> [About this task]
Please return the full listing exactly as written, with the images removed.

> [Supplied data]
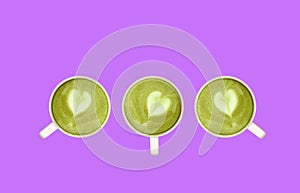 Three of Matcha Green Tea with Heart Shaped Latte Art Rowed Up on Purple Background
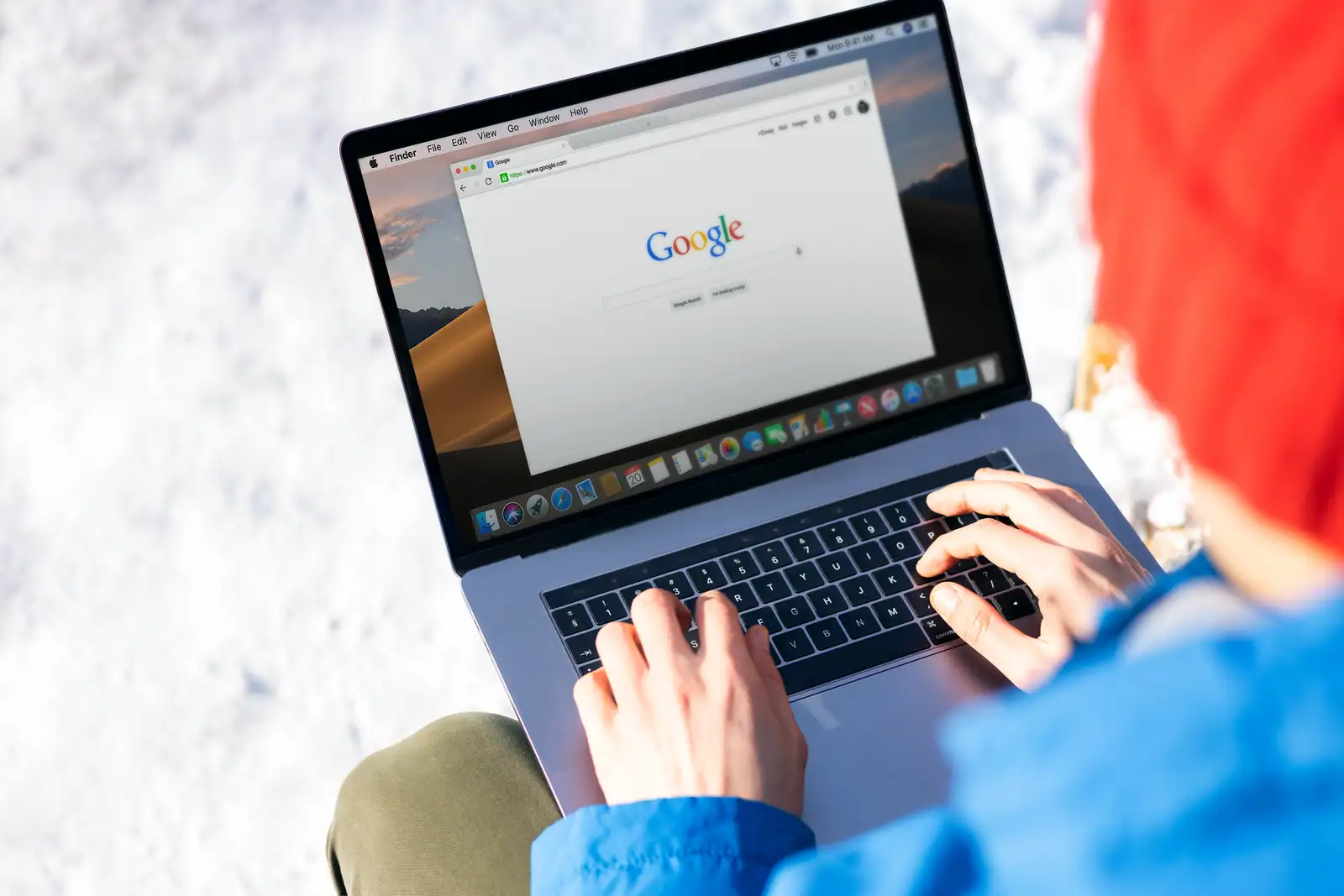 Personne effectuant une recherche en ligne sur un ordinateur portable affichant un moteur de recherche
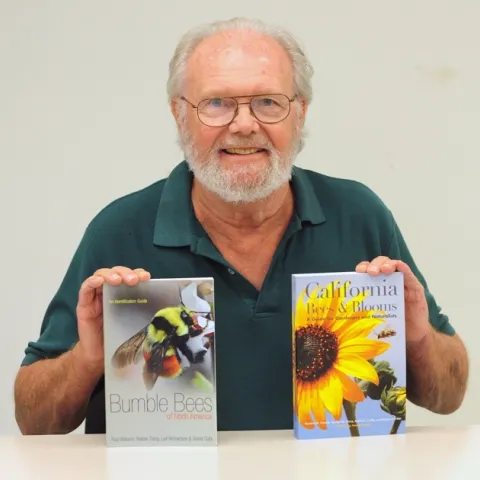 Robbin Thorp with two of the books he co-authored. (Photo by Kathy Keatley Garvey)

> [Written answer]
 Three of Matcha Green Tea with Heart Shaped Latte Art Rowed Up on Purple Background
 Personne effectuant une recherche en ligne sur un ordinateur portable affichant un moteur de recherche
 Robbin Thorp with two of the books he co-authored. (Photo by Kathy Keatley Garvey)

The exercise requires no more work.